The federal and state governments will come together this week in Canberra to discuss the National Energy Guarantee (NEG). For those who aren’t in the loop, the NEG is essentially the federal government’s solution to rising power prices and grid instability, while also meeting Australia’s international emission obligations.
But here’s the catch – the NEG is designed to be “technological neutral”. In other words, energy generation technologies will “compete on their merits” with no subsidies awarded that favour one particular technology over another.
Renewable energy subsidies in the firing line
Solar panels and home storage unit installations are currently subsidised through the federal government’s small-scale technology certificate (STC) scheme. Essentially, renewable energy purchasers are awarded a certain number of certificates depending on the size and location of the installation.
These certificates are then redeemable for cash and usually take off a few thousand dollars from the cost of solar. Under the NEG, however, new subsidies for the renewable energy would end. This will also apply to large-scale generation such as wind power, which is currently heavily subsidised.

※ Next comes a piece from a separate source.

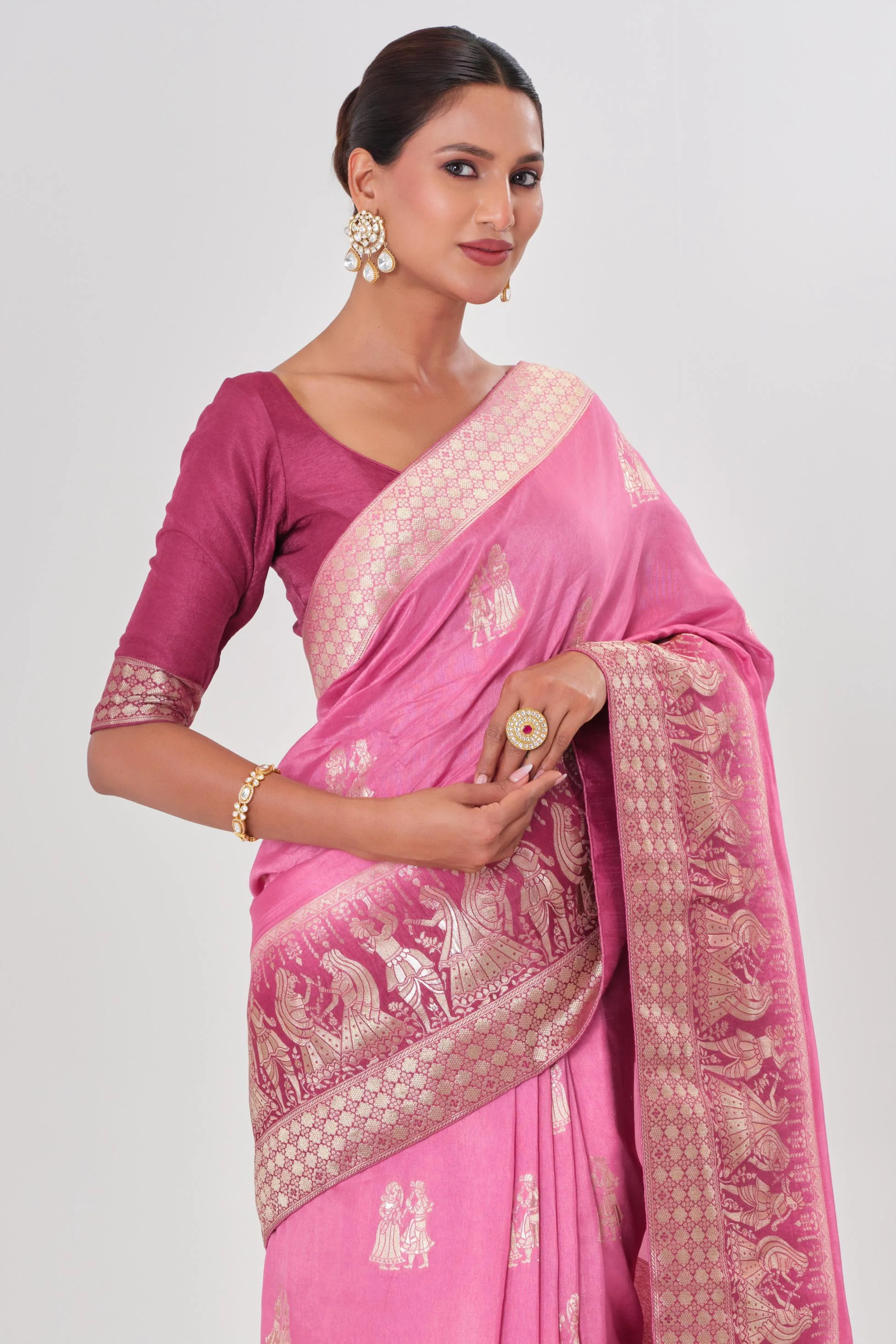 Pink Handwork Dola Silk Saree - Image 6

The Energy Minister, Josh Frydenberg, told the National Press Club last week that the lower cost of renewables, particularly solar panels and storage units, is driving uptake, and that these technologies are now able to “stand on their own”, declaring “the time for new subsidies is over”. Mr Frydenberg continued by stating that there would be no new subsidies for coal generation either, insuring an “even playing field”.
Politics aside, the removal of subsidies will most likely create a spike in the price of solar. While solar seems to get cheaper by the week, it potentially means that now could be the best time to install solar within the near future.
— ABC News (@abcnews) April 15, 2018
What’s next for the NEG?
There is some animosity between the federal and certain state governments regarding aspects of the NEG. The ACT, for example, has said it won’t sign up to the NEG if it compromises its efforts to deliver 100% renewable energy by 2020. NEG negotiations begin Monday and it’s unclear exactly what the policy will look like by the end of the week, but the federal government is likely to hold its position on removing all subsidies.
Customers receiving a solar feed-in tariff for their exported electricity should rest-assured that the NEG is unlikely to impact their FiT rate in any substantial way, as these are state policies and not within the federal jurisdiction.